O FC Porto foi o primeiro, entretanto o Sporting entra em contacto também, mas eu nem quis ouvir a proposta do Sporting. Não ia ouvir ninguém até falar com o FC Porto. O Sporting é que me pediu para não assinar sem ouvi-los também. E foi isso que fiz. Reuni com o FC Porto, reuni com o Sporting e depois tomei a decisão.

O que o fez optar pelo Sporting?
O facto de ser em Lisboa, por exemplo. O facto do Sporting não ganhar nada há muitos anos. Quando ganhei a Taça de Portugal pelo Sporting foi o primeiro título em 13 anos.

Terá influenciado também o facto de em pequeno ter simpatia pelo Sporting?
Não sei. Acho que não. Tem mais a ver com o facto de ser em Lisboa porque adorava e adoro Lisboa.

Já tinha o coração preso em Lisboa?
Também por aí [risos].

Ou foi pelo facto de o FC Porto ser considerado por muitos o inimigo número um do Benfica e até do Sporting?
[Risos] Talvez, talvez. Eu vivi muito aquela guerra do Benfica-FC Porto durante muitos anos. Aquele jogo em que nos equipamos nos corredores porque o balneário estava cheio de um produto em que começamos logo a chorar e a ficar com os olhos vermelhos, intoxicante; o ser cuspido por centenas de pessoas cada vez que íamos fazer o aquecimento antes dos jogos no campo de treinos; lembro-me de uma série de coisas no túnel, fitas pretas e vermelhas, com uns líquidos e velas e coisas espalhadas ao longo do corredor; de ser maltratado a toda a hora por toda a gente em todo o lado lá em cima. Era uma coisa impressionante. Lembro-me de estarmos deitados e das motas sem escape não pararem à volta do hotel onde ficávamos no Porto. Havia uma guerra terrível. Lembro-me muito bem do guarda Abel no estádio, de pessoas a agredirem literalmente o Carlos Valente ao intervalo desse jogo. Lembro-me de às vezes questionar os polícias de serviço no estádio das Antas: ”Vocês não vêem nada, não fazem nada?” E eles olhavam para nós, começavam a rir e mandavam-nos embora. Talvez tudo isso tenha pesado um pouco. Mas eu diria que o facto do Sporting não ganhar há muitos anos e com a minha ida para lá poder alcançar algum título era um sabor muito bom que me aliciava.

E Bobby Robson que tal?
Ser o treinador do Sporting teve também uma grande influência na minha decisão porque era uma pessoa com quem simpatizava e ele até já me tinha feito ver, de uma forma descomprometida, que tinha uma grande admiração por mim. Nunca no sentido de fazer algum convite ou de esperar que um dia mais tarde fosse jogador dele. Aliás foi uma surpresa para ele quando soube que eu tinha assinado pelo Sporting. Ele não sabia.
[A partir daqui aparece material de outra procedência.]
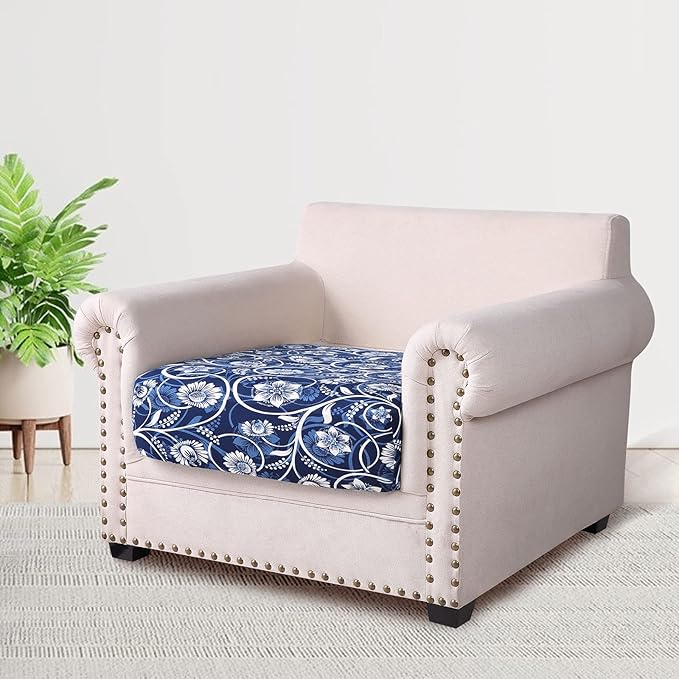 hyha Printed Couch Cushion Covers, Floral Sofa Covers Washable for Cushion Couch, Stretch Pattern Outdoor Cushion Covers for Patio Furniture with Elastic Bottom(Small, Baroque)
Assinou primeiro do que o Paulo Sousa.
Sim, sou o primeiro. Assinei no final de junho. No dia 10 de junho é o dia da final da Taça com o Boavista, no dia 9 disse ao saudoso Dr. Alberto Silveira e ao treinador do Benfica que era o meu último jogo, e só assinei como Sporting no final desse mês. Recordo-me até de um episódio curioso.

Força.
Eu estava em Elvas, ia de férias para Espanha, e o Dr. Alberto Silveira estava com um amigo meu – que faleceu há um mês -, o Henrique Freitas. Este meu amigo Henrique ajudou imenso o Benfica nessa altura, disponibilizou dinheiro para pagar ordenados para ver se os jogadores não saíam, e não sairam nessa altura. Porque eles estavam com medo que houvesse mais jogadores a sair. E, como estava a dizer, estava parado em Elvas e, nessa altura só havia telemóveis no carro e eu tinha um, foi a última tentativa de me dizer “por favor volta para trás”. Ainda não tinha sido a apresentação mas eu disse-lhe “já assinei, já não consigo voltar atrás, é impossível”.

Falava-se que o João Pinto também queria sair. É verdade?
Havia muitos mais. Fui o mau da festa porque fui o primeiro. Mas o Sousa saiu, o João Pinto foi o que foi, e pelo menos mais cinco ou seis jogadores quiseram sair. Eles hoje são todos considerados grandes benquistas de alma e coração e, apesar de eu ser do Benfica, eles não me consideram se calhar como tal. Tem muito a ver com a personalidade das pessoas. Eu respeitei as decisões de cada um. Mas que houve muitos mais a querer sair, houve. Havia jogadores que telefonavam do Brasil para Portimão onde eu estava com o advogado, a pedir para falar com o advogado para sair.

Nunca se arrependeu?
No fundo sentia que queria voltar atrás, mas o meu orgulho não me permitiu. E foi assim que chegou ao fim o meu vínculo enquanto jogador do Benfica. Continuo um adepto fervoroso do Benfica, à minha maneira, sou sócio do Benfica há 30 e tal anos, sempre que posso vou ver os jogos do meu clube. Mas esse foi um episódio que me amargura um pouco. Se as coisas têm sido diferentes no Sporting eu talvez minimizasse esta amargura.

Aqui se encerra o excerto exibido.